Il prezzo della cucina

Uscendo dal caso specifico, sappiamo che in qualsiasi ristorante d'autore il prezzo dei singoli piatti varca senza remore la soglia psicologica dei 30 euro, talvolta anche 50. Perciò il menu degustazione è la scelta più frequente, la più conveniente in proporzione al numero di assaggi, quella che consente una panoramica più ampia sul lavoro della cucina. I singoli piatti costano quasi quanto un intero menu anche per orientare la scelta dei consumatori.

Ma cosa si paga quando si acquista un piatto?

Lo abbiamo detto più volte: nel prezzo di un piatto, il food cost (ovvero la spesa per la materia prima) non supera il 30%. La percentuale cambia per equilibrare i prezzi in carta, caricando più uno e alleggerendo un altro, allo stesso modo in cui succede con il vino (le bottiglie più economiche hanno ricarichi maggiori).

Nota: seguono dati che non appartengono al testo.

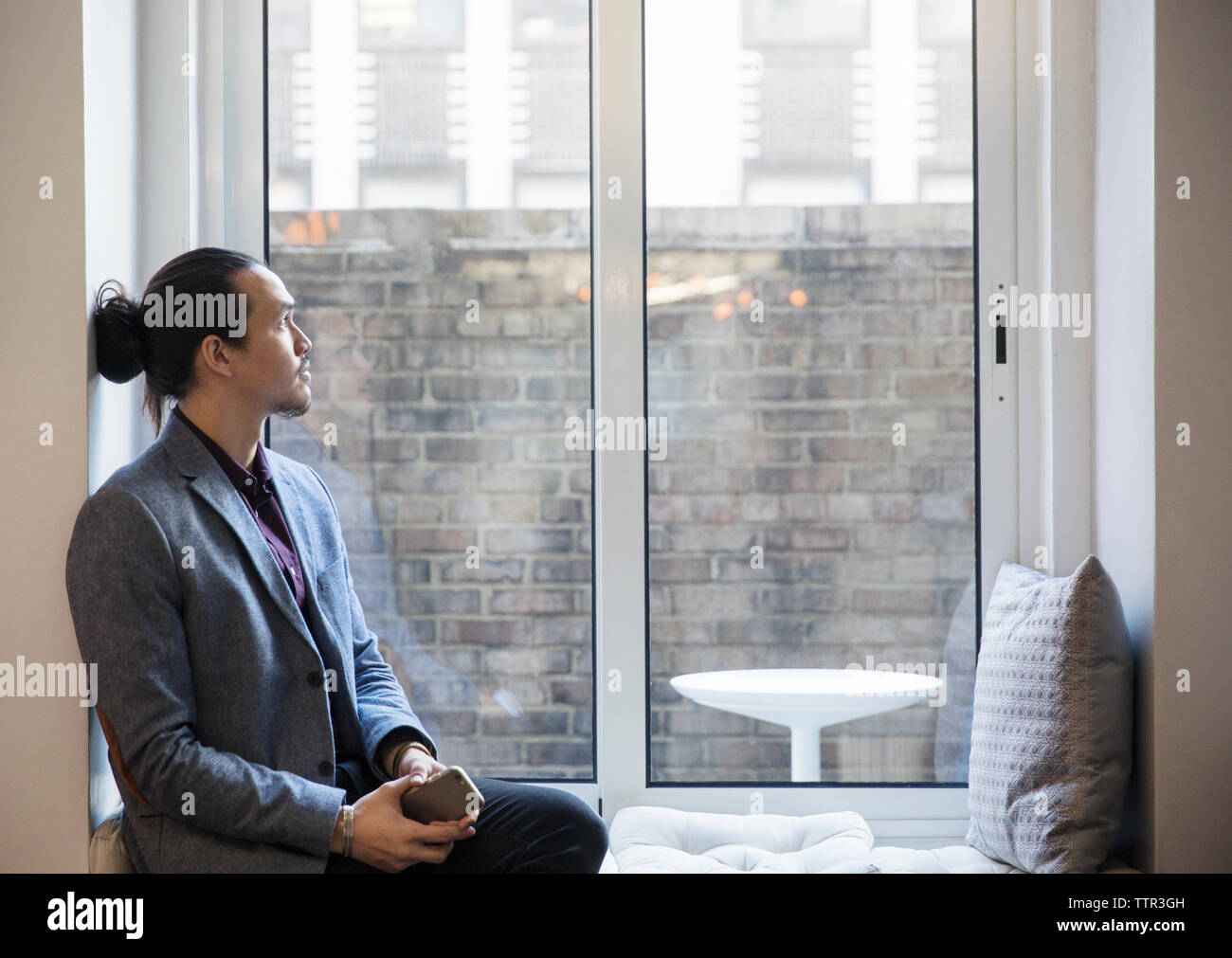 Thoughtful man looking through window while sitting in office Stock Photo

Il resto del prezzo del piatto lo fanno le spese (affitti, utenze, stipendi) che non sono uguali in ogni locale: basti pensare al costo degli affitti nel centro storico di una grande città e in periferia, o al numero di dipendenti per coperti. Quando si acquista un piatto si paga tutto questo e anche di più: la quotazione dello chef e del ristorante ma anche lacreatività, l'idea, il lavoro di ricerca e di messa a punto. E anche considerando tutto questo non è una media matematica perché il prezzo lo fa anche il mercato: posso vendere una mela a 100 euro, se c'è qualcuno che la compra, teoricamente ho ragione io. Chi è nel commercio fa i suoi conti e le sue valutazioni, poi decide il prezzo di quel che mette in vendita; i consumatori decideranno se lo vale oppure no. Quindi non scandalizziamoci per i 26 della pasta in bianco, che in bianco non è, perché anche fosse davvero solo cotta, scolata e servita, fino a che c'è chi la ordina e la paga, il prezzo è giusto.